ACTION ITEM — With pictures excluded, copy word for word the lines in the data below from the line containing "Bape Wmns Sk8 Sta #2 M1 &#039;Purple&#039;" through the line containing "Sportbeha Seamless - Beige".

EXTRACTED ENTRIES —
#####

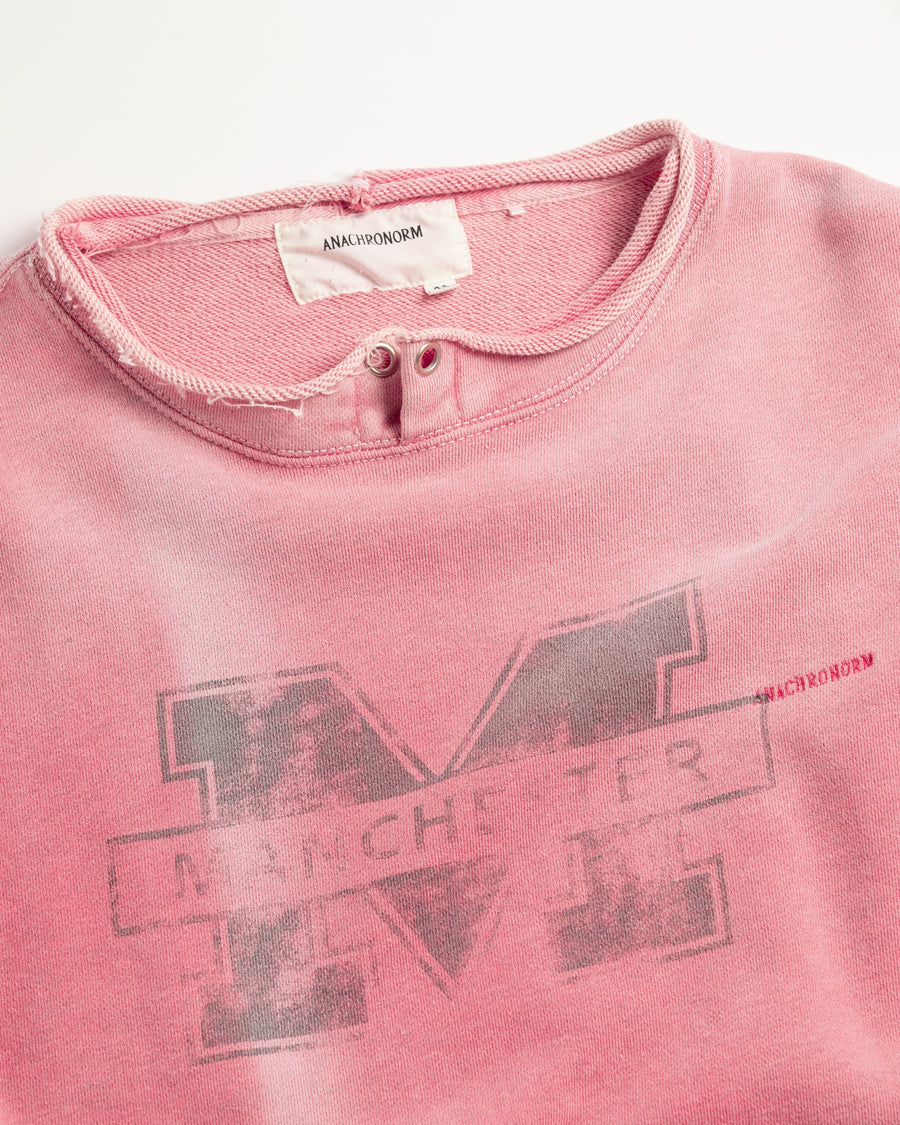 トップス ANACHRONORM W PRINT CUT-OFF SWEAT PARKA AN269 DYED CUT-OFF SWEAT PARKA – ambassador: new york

#####

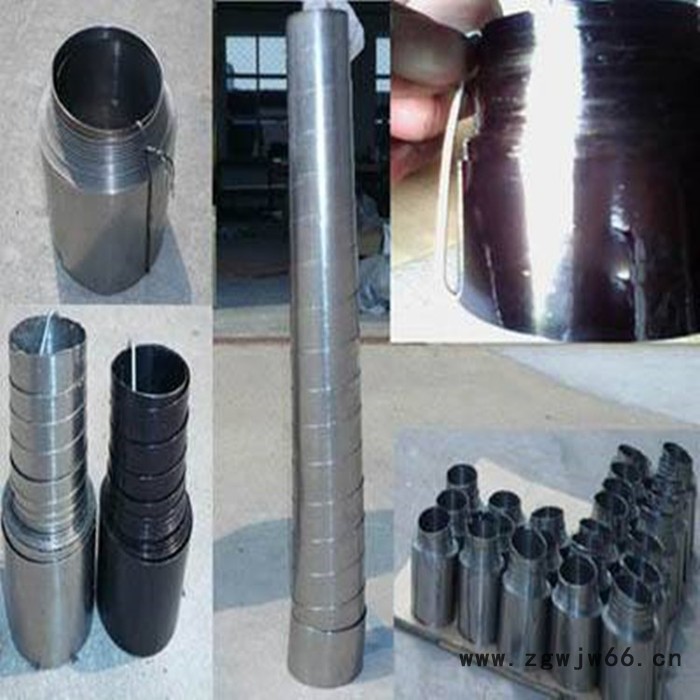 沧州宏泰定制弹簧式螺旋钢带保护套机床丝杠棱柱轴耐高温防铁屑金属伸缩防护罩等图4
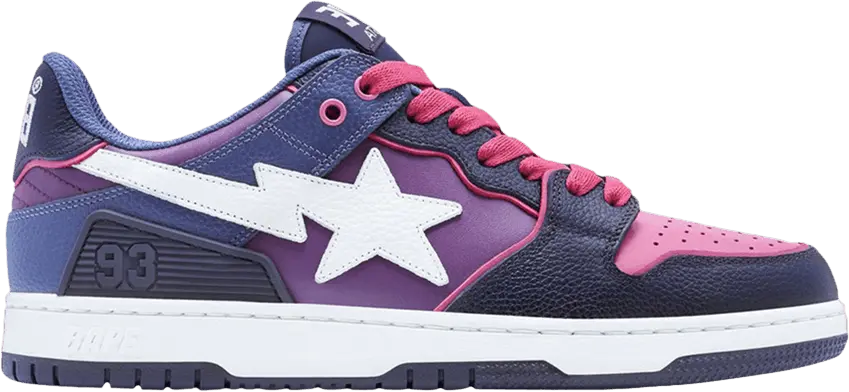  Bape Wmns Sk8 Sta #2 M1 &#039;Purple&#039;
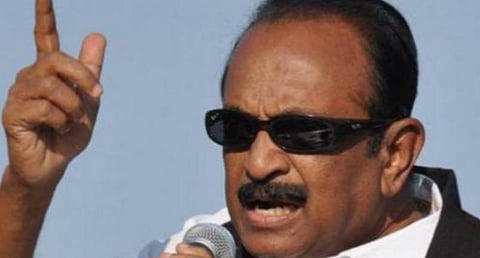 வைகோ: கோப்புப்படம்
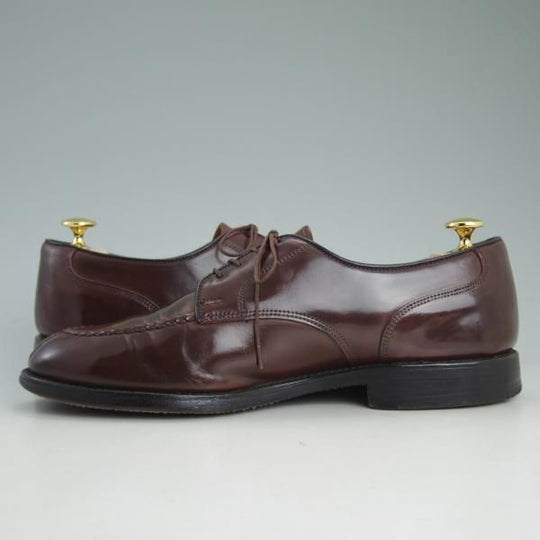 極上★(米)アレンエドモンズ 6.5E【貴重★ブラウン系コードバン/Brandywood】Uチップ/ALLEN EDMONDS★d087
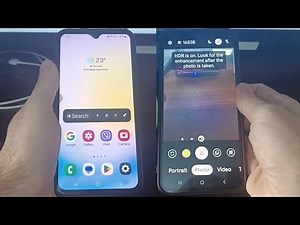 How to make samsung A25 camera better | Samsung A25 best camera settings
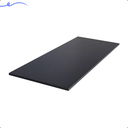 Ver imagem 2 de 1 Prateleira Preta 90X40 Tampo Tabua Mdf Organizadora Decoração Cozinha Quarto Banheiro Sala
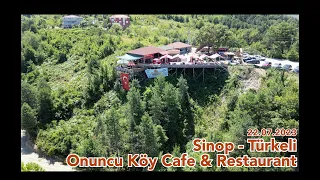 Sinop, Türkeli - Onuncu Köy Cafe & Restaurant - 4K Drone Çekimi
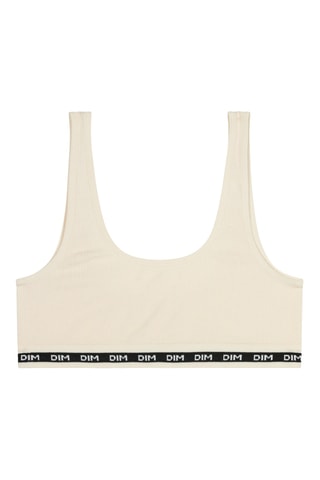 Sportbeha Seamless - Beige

#####

SOLUTION FOR THIS EXERCISE —
  Bape Wmns Sk8 Sta #2 M1 &#039;Purple&#039;
 வைகோ: கோப்புப்படம்
 極上★(米)アレンエドモンズ 6.5E【貴重★ブラウン系コードバン/Brandywood】Uチップ/ALLEN EDMONDS★d087
 How to make samsung A25 camera better | Samsung A25 best camera settings
 Ver imagem 2 de 1 Prateleira Preta 90X40 Tampo Tabua Mdf Organizadora Decoração Cozinha Quarto Banheiro Sala
 Sinop, Türkeli - Onuncu Köy Cafe & Restaurant - 4K Drone Çekimi
 Sportbeha Seamless - Beige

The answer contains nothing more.